O chefe da ONU lembrou aos líderes que “as promessas não valem nada se as pessoas não virem os resultados no seu dia a dia” e, pelo contrário, se depararem com violações dos direitos humanos, corrupção ou um futuro sem grandes oportunidades.
Os “impulsos mais obscuros da humanidade” surgem com esta constante falta de resultados para uma situação com mais esperança, considerou Guterres.
A defesa da “supremacia cultural, domínio ideológico, misoginia violenta ou ataques aos mais vulneráveis, incluindo refugiados e migrantes”.
O antigo primeiro-ministro português sublinhou que a paz e o respeito pelos direitos humanos estão a faltar, nos mais graves casos, como o do Afeganistão, Etiópia, Myanmar, Sahel, Iémen, Líbia, Síria e ainda no Haiti, e muitos outros locais onde “tantos foram deixados para trás”.
Outra das grandes preocupações internacionais é a divisão que se cria entre dois grandes poderes, um tema que, apesar de Guterres não nomear, é já recorrente nos discursos dos últimos anos – Estados Unidos e China podem criar um problema “muito menos previsível e muito mais perigoso do que a Guerra Fria”, salientou o secretário-geral.
“Temo que o nosso mundo se esteja a arrastar para dois conjuntos diferentes de regras económicas, comerciais, financeiras e tecnológicas, duas abordagens divergentes no desenvolvimento da inteligência artificial – e, em última análise, duas estratégias militares e geopolíticas diferentes”, explicou.
A nível das alterações climáticas, Guterres lembrou muitos dos apelos já conhecidos, como a transição para energias renováveis, redução da utilização dos combustíveis fósseis e carvão, mais impostos e menos subsídios sobre recursos naturais poluentes.
A grande diferença económica entre Estados é visível como efeito da pandemia de covid-19, agora que “as economias avançadas estão a investir quase 28% do seu Produto Interno Bruto na recuperação económica”, uma média que cai para 6,5% nos países de renda média e “para 1,8% nos países menos desenvolvidos”, acrescentou o secretário-geral.
As previsões do Fundo Monetário Internacional apontam que nos próximos cinco anos o crescimento económico ‘per capita’ na África subsaariana seja 75% menor do que no resto do mundo.
Neste discurso, Guterres renovou um apelo para a reforma da arquitetura da dívida internacional, que a torne mais equitativa, e para a reforma dos sistemas de impostos em todo o mundo, para prevenir evasão fiscal, branqueamento de capitais ou outros fluxos financeiros ilícitos.
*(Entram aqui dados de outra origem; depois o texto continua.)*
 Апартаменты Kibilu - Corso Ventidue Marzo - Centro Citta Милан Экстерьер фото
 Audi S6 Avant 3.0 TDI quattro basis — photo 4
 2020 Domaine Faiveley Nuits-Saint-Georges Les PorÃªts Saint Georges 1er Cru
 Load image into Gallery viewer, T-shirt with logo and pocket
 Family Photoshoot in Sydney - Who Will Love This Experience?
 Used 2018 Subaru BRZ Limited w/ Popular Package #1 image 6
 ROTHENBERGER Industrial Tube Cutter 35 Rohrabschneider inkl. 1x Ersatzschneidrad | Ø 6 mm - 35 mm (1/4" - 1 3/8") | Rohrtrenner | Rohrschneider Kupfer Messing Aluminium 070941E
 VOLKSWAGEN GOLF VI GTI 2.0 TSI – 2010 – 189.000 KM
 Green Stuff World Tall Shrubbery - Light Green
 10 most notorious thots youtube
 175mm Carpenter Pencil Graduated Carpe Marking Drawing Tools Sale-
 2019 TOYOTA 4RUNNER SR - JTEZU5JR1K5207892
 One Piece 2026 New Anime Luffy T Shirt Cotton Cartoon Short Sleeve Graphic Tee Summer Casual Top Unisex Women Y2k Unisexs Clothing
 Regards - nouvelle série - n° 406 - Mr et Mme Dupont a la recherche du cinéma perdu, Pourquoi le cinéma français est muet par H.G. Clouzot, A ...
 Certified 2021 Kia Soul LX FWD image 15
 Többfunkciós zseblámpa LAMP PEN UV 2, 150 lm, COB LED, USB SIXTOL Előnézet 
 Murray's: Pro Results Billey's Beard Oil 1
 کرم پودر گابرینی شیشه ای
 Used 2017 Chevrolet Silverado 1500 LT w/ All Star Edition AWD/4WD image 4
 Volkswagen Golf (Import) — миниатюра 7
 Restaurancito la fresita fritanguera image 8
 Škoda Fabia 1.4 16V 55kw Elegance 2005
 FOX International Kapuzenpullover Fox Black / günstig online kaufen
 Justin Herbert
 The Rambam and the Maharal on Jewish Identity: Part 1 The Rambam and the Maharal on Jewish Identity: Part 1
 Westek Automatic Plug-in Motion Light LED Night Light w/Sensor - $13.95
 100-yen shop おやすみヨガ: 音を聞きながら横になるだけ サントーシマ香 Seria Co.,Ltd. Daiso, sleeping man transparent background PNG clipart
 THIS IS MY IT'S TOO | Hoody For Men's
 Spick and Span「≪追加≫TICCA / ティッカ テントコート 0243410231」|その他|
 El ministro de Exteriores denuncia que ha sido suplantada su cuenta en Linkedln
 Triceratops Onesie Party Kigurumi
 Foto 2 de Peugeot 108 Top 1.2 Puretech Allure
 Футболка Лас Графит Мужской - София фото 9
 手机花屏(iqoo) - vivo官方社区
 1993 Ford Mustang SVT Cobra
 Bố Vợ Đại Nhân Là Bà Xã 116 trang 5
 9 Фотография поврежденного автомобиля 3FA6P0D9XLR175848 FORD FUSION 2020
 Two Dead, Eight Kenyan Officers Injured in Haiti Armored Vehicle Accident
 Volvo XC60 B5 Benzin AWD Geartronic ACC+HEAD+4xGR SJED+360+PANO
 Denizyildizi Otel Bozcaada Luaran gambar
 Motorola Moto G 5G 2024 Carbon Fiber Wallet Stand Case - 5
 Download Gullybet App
O português enfatizou também os efeitos negativos da desigualdade de género e apelou para sociedades com “representação mais igual”, que são, consequentemente, “mais estáveis e pacíficas”.
“A igualdade das mulheres é essencialmente uma questão de poder. Devemos transformar urgentemente o nosso mundo dominado pelos homens e mudar o equilíbrio de poder, para resolver os problemas mais desafiadores de nossa época”, considerou o antigo alto comissário das Nações Unidas para Refugiados.
Por outro lado, o acesso à internet tem de se tornar um direito humano, defendeu Guterres, dizendo que até 2030 todo o mundo deveria ter ligação à internet, mas com estratégias para combater o armazenamento de dados pessoais que estão a ser usados comercialmente para lucros corporativos ou ainda pelos Governos para “controlar ou manipular comportamentos, violando direitos individuais ou de grupo e debilitando democracias”.
Por último, para as cerca de 11 mil milhões de pessoas que se estima deverem nascer até final do século, são necessários mecanismos para dar mais voz aos jovens, para garantir educação de qualidade e para dar mais poder àqueles que serão herdeiros do mundo de hoje.
A esperança ainda existe, mas necessita que “todos façam a sua parte” sem demoras e com cooperação global e com um multilateralismo renovado, concluiu o secretário-geral da ONU.